4. A cylinder lock according to claim 3 wherein said plug rotates 180 degrees between said locked and open positions, said control tumbler has one end with given dimensions that prevent its entry into said control shell tumblerway and an opposite end with different dimensions that permit its entry thereinto, said one end is biased out of said plug, and said opposite end is aligned with said control shell tumblerway with said plug in said open position.

5. A cylinder lock according to claim 4 wherein said shell further defines an arcuate groove having surfaces that form said blocking means, said stop means, and said abutment means; said groove intersecting said control shell tumblerway and receiving said one end only with said control tumbler removed from said control shell tumblerway, and said groove accommodating said one end during rotational movement of said plug while preventing axial movement thereof.
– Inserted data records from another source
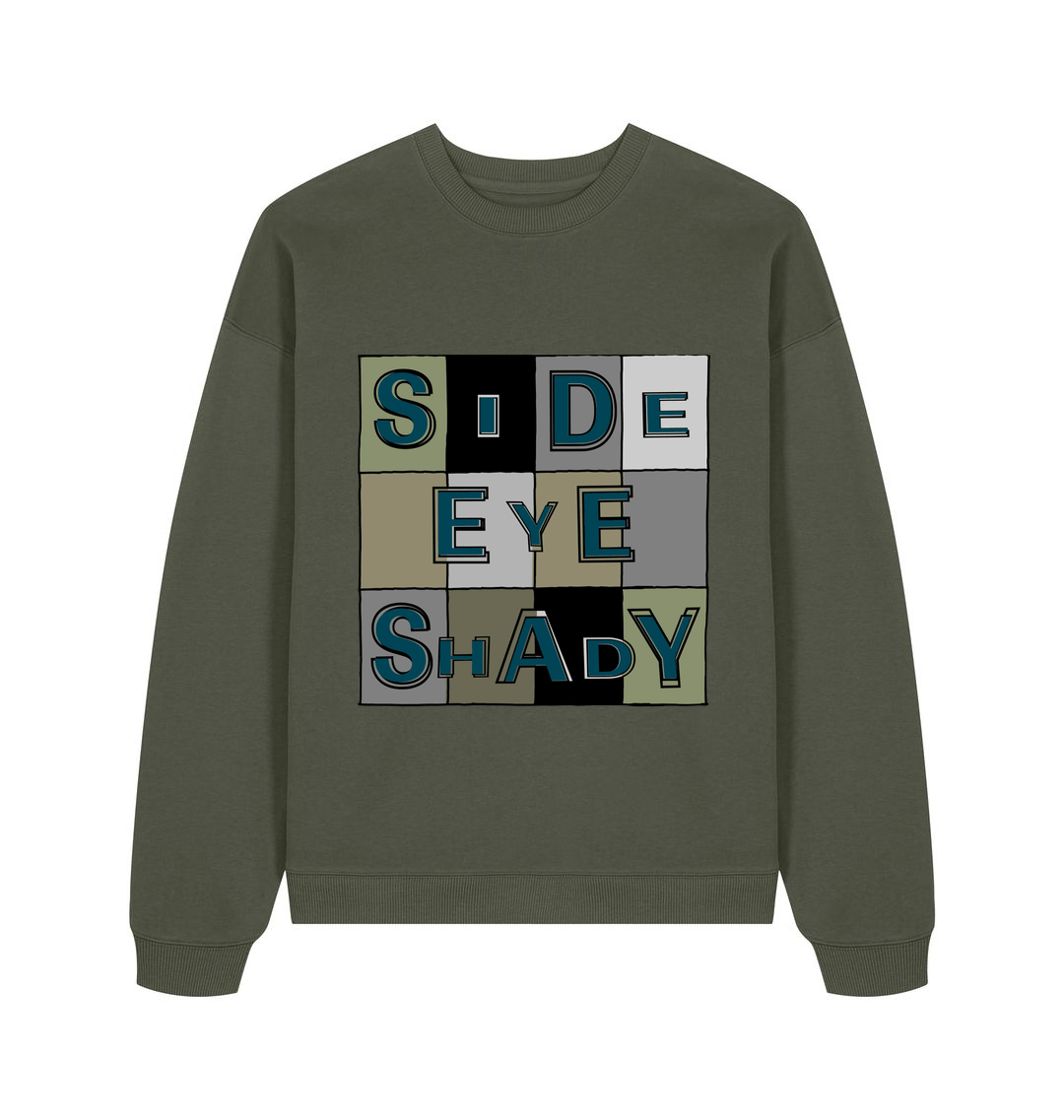 Khaki Printed Sweater Front
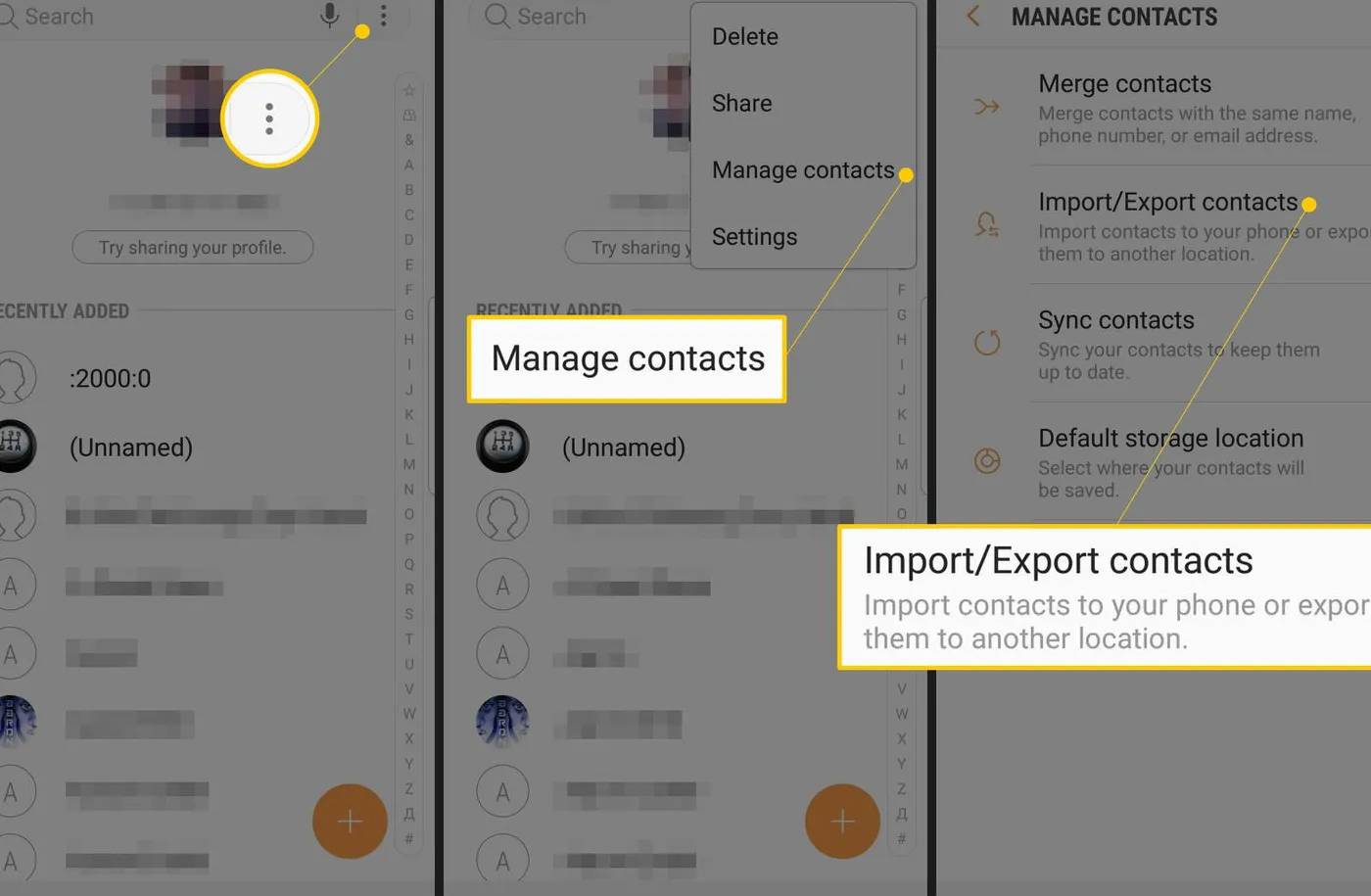 Tiga layar aplikasi Kontak Android menunjukkan tombol menu, Manage contacts dan Import/Export contacts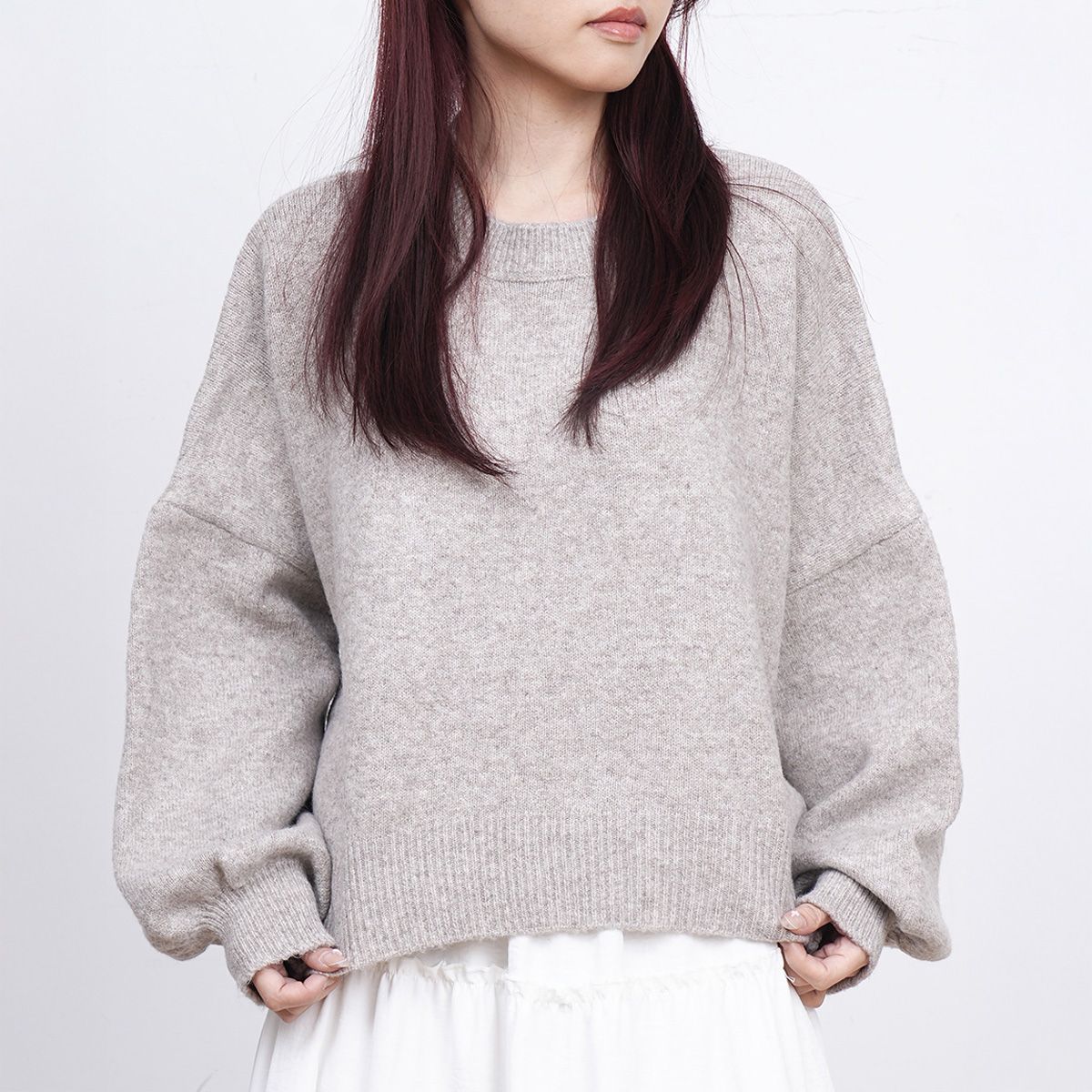 フォーマルカジュアル 参観日対応ゆったりコクーンニット秋冬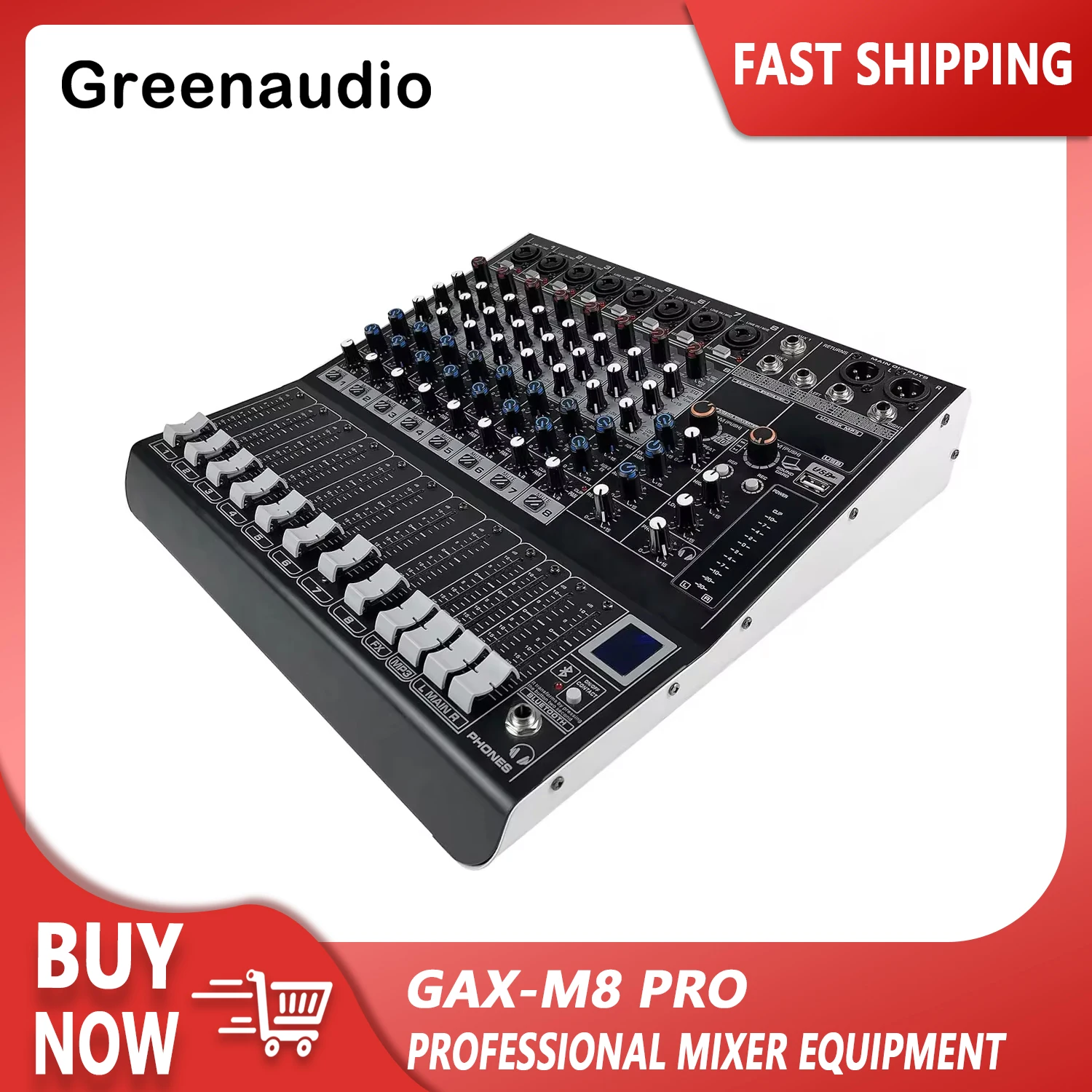 

GAX-M8 Pro 8-channel DJ mixer with 16DSP reverb effect BT5.0 USB mixer for small party performances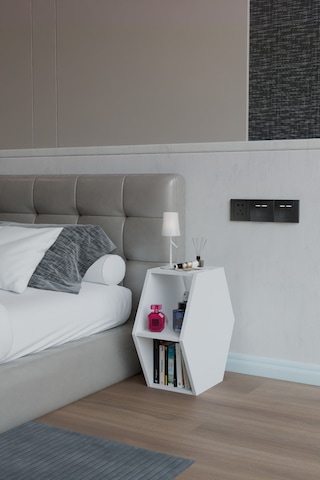 Alpa Ev Mobilya Altıgen Komodin, Modern Başucu Sehpası, Dekoratif Raflı Komodin Kitaplık Beyaz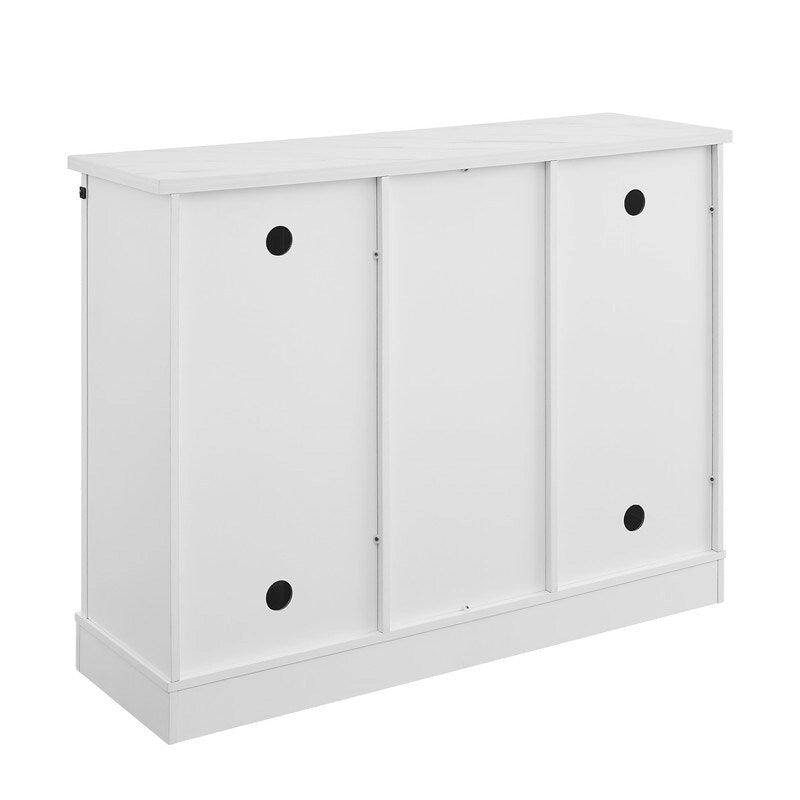 Meuble bar avec porte coulissante de grange de 120 cm avec rangement pour vin et verres à pied, bleu/blanc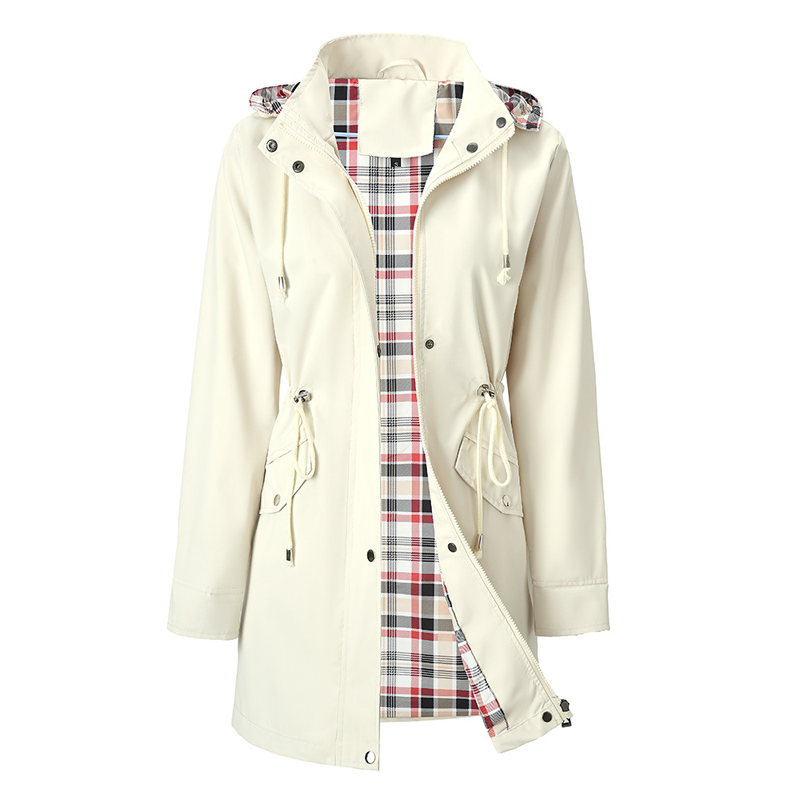 🌧️👗✨ Wasserdichte lange Trenchcoats mit Kapuze für Damen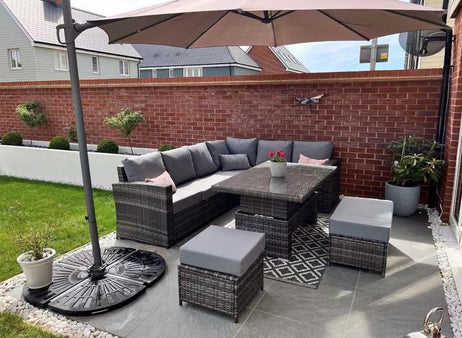 Kos Rattan Right Hand Corner Sofa, Rising Table, Stool & Bench - Mixed Grey / Light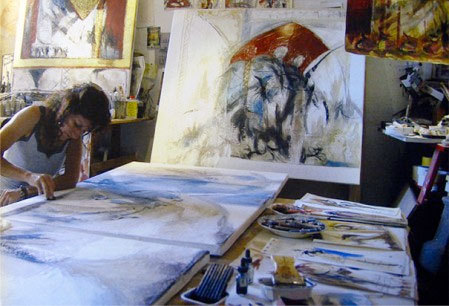 Nathalie Verdier en son atelier © DR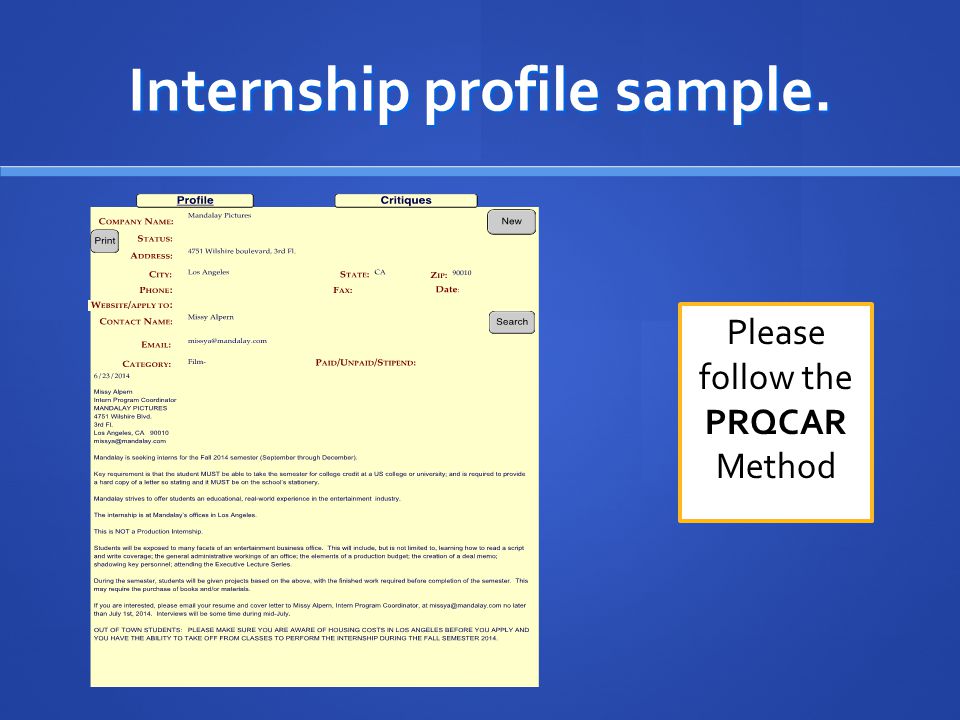 Internship profile sample. Please follow the PRQCAR Method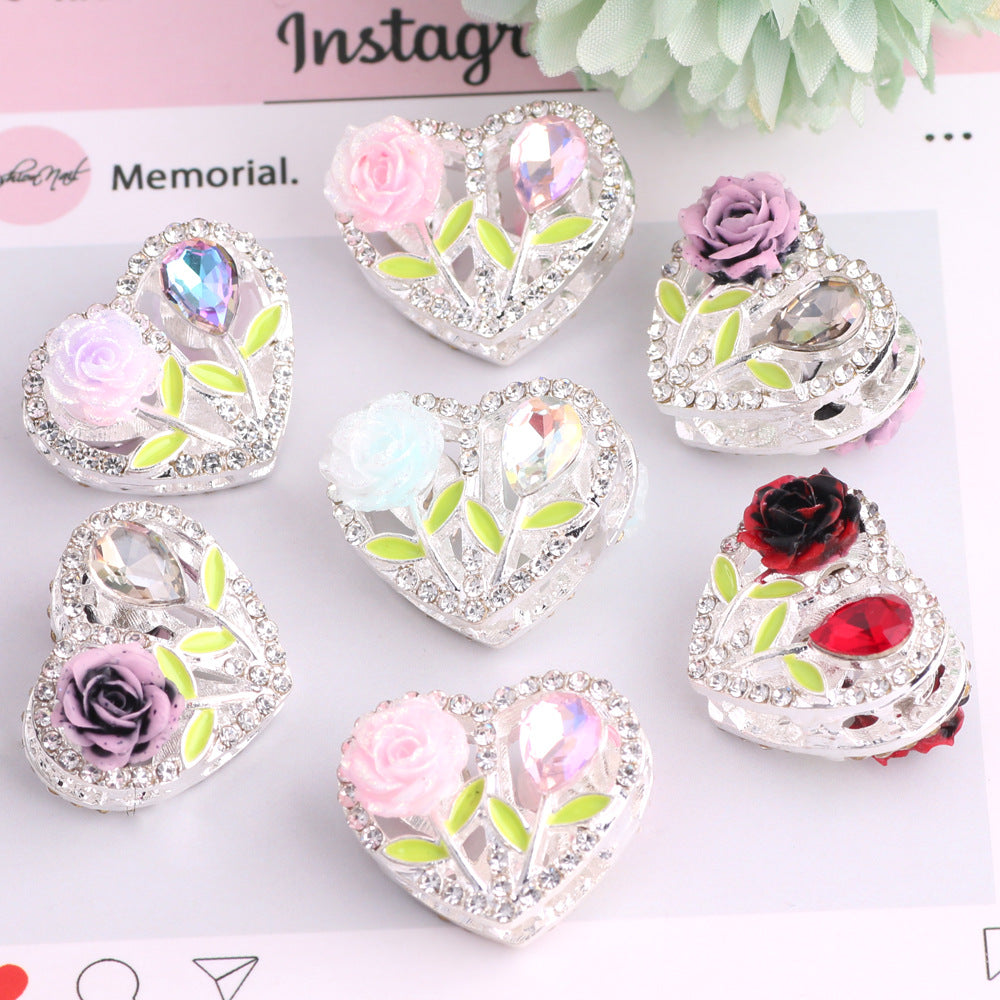 Fancy Heart Shaped Rose Rhinestone Alloy Beads 20mm 3pcs 3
6. A cylinder lock according to claim 5 wherein said control shell tumblerway is of greater depth than said groove.

7. A cylinder lock according to claim 6 wherein said locking shell tumblerways are formed by an axial locking spline in the surface of said cavity, said control shell tumblerway is formed by a control spline in said surface, and said control spline is axially aligned with and of lesser width than said locking spline.

8. A cylinder lock according to claim 7 wherein said locking tumblers are positioned between said control tumbler and the entrance to said keyway.

9. A cylinder lock according to claim 1 wherein said shell further defines an arcuate groove having surfaces that form said blocking means, said stop means, and said abutment means; said groove receiving said one end of said control tumbler only with said control tumbler removed from said control shell tumblerway, and said groove accommodating said one end during rotational movement of said plug while preventing axial movement thereof.

10. A cylinder lock according to claim 9 wherein said locking tumblers project into said locking shell tumblerways when in said active positions, and said control tumbler projects into said control shell tumblerway when in said release position.

11. A cylinder lock according to claim 10 wherein with a proper key in said keyway said plug is rotatable from said locked position to said open position, and said control plug and control plug tumblerway are shaped and arranged so as to permit entry thereinto of said control tumbler only with said plug in said open position.